(Short text fragments from websites)

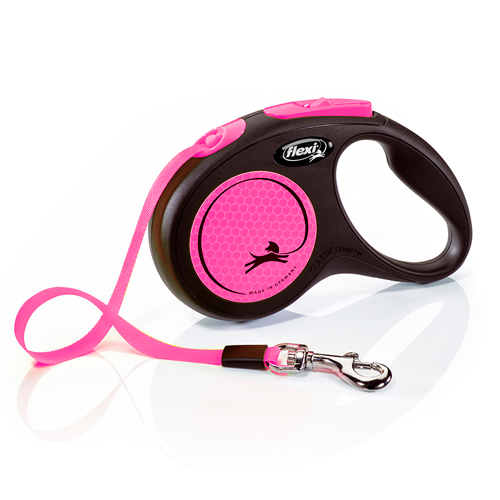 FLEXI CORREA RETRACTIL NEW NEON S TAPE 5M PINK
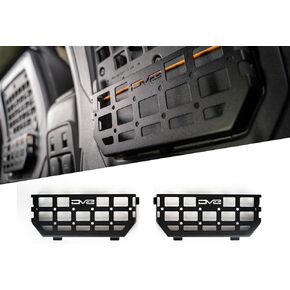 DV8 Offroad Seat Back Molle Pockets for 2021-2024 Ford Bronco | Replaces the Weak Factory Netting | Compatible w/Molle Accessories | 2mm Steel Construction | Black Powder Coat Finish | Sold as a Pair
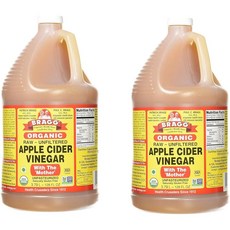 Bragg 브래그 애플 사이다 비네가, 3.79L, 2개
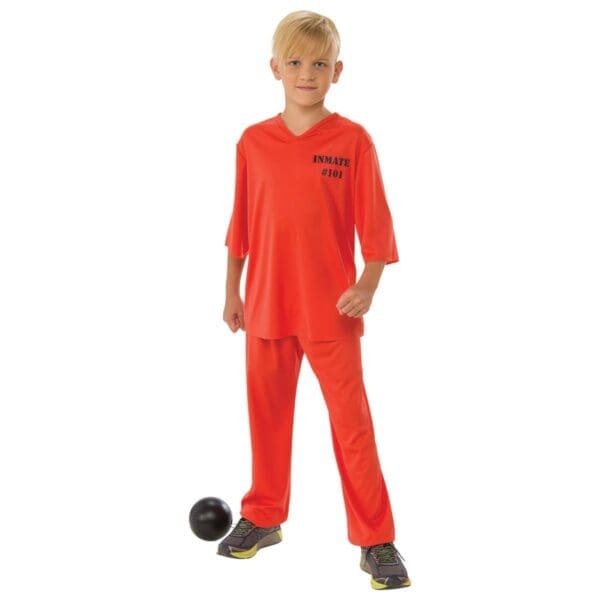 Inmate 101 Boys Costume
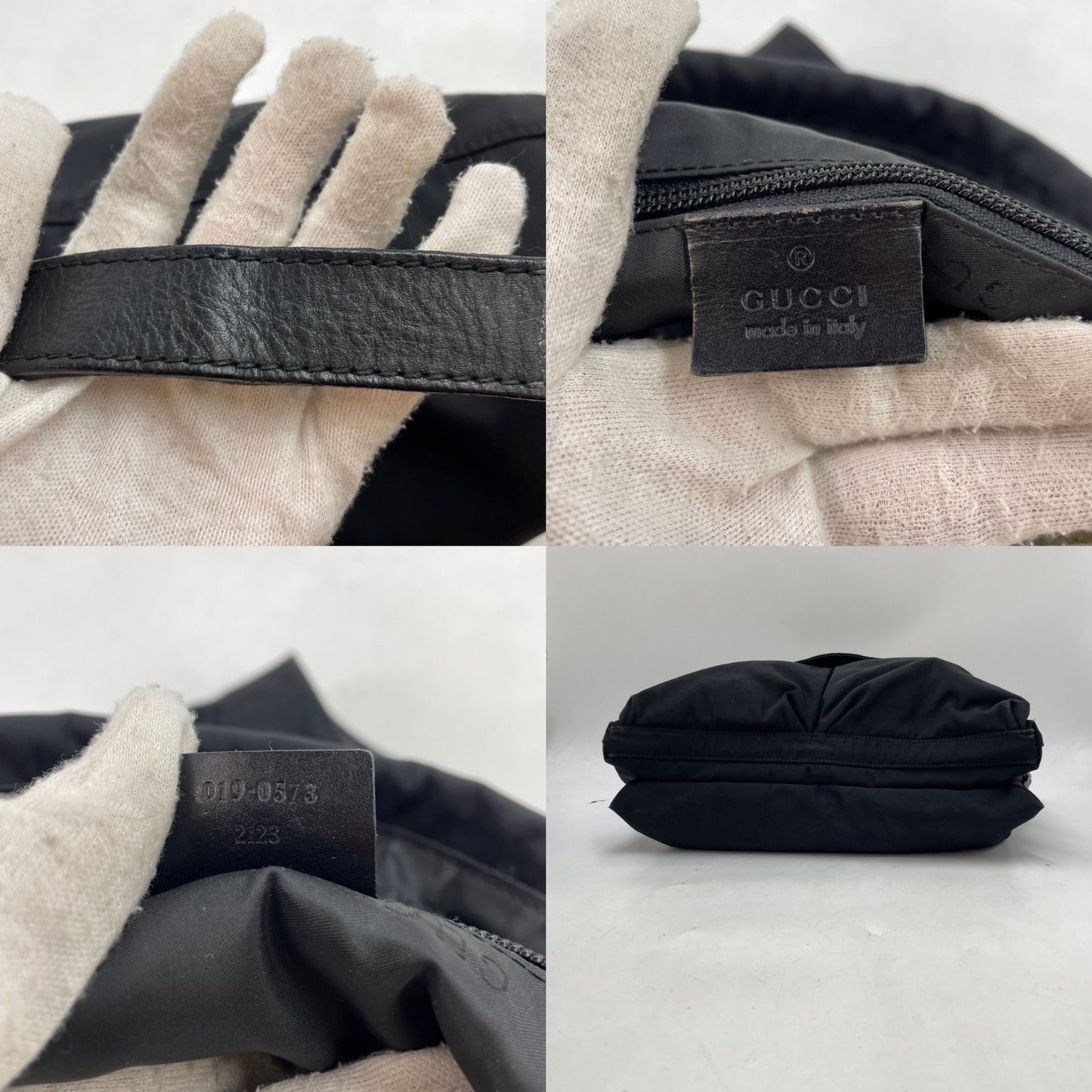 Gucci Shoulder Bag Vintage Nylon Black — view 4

* _Instructions for the task_: The lines above should be transcribed exactly, with every image removed.

* _Answer box_:
 FLEXI CORREA RETRACTIL NEW NEON S TAPE 5M PINK
 DV8 Offroad Seat Back Molle Pockets for 2021-2024 Ford Bronco | Replaces the Weak Factory Netting | Compatible w/Molle Accessories | 2mm Steel Construction | Black Powder Coat Finish | Sold as a Pair
 Bragg 브래그 애플 사이다 비네가, 3.79L, 2개
 Inmate 101 Boys Costume
 Gucci Shoulder Bag Vintage Nylon Black — view 4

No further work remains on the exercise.